Pasalnya, pembakaran Copra Fonds tidak sesuai dengan harapan. Api tidak sempat membesar. Asapnya yang membumbung tinggi dan pemutusan aliran listrik sebagai tanda dimulainya pemberontakan tidak tercipta. 

Musababnya, seorang pedagang Tionghoa yang kebetulan berada di sekitar Copra Fonds langsung berteriak-teriak meminta bantuan menyatakan ada kebakaran sebelum api membesar. Dalam waktu singkat dikirim pasukan NICA untuk memadamkan api tersebut. Api berhasil dipadamkan, sedangkan pemberontakan itu padamlah juga dengan sendirinya.

Usaha-usaha sabotase pada instalasi militer NICA tidak berhenti setelah aksi bulan Oktober itu gagal. Kegagalan aksi dua bulan silam tidak memadamkan semangat mereka. 
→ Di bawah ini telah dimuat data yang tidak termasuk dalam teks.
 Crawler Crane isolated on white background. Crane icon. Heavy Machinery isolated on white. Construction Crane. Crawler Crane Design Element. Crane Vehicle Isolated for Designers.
Syafaruddin Usman dalam Di Bawah Lambaian Sang Merah Putih: Kisah Revolusi Kalimantan Barat 1945-1950 mengungkapkannya. Pada pertengahan Desember 1946 sejumlah pemuda seperti A.M. Damhar, Jacob Mahmud, dan Sai melempari Gudang Mesiu NICA di Jeruju dengan granat tangan. Harapannya gudang tersebut meledak hebat dan sejumlah suplai persenjataan serta amunisi Militer NICA hancur. Sayangnya, aksi ini juga mengalami kegagalan karena gudang itu dijaga amat ketat oleh Tentara NICA dan granat yang digunakan juga tidak sebanding dengan yang dibutuhkan untuk meledakkan gudang mesiu tersebut (2018: 13).

Setelah sejumlah aksi pemberontakan-sabotase yang dilancarkan para pemuda dan kaum republiken, NICA mulai melakukan penangkapan terhadap orang-orang yang dicurigai. Mesin intelejen Politieke Inlichtingen Dienst (PID) berjalan dengan efektif mengumpulkan informasi dan menyebarkan mata-mata untuk mengungkap aksi-aksi bawah tanah ini. 

Dalam tempo waktu tahun 1946 itu juga, sejumlah pemuda berhasil ditangkap. Sementara yang lain juga belakangan hari tertangkap. Pemerintah NICA menyebut aksi pemberontakan ini sesuai judul pada tulisan ini, Ondergrondse Acties dan Brontakaffairs.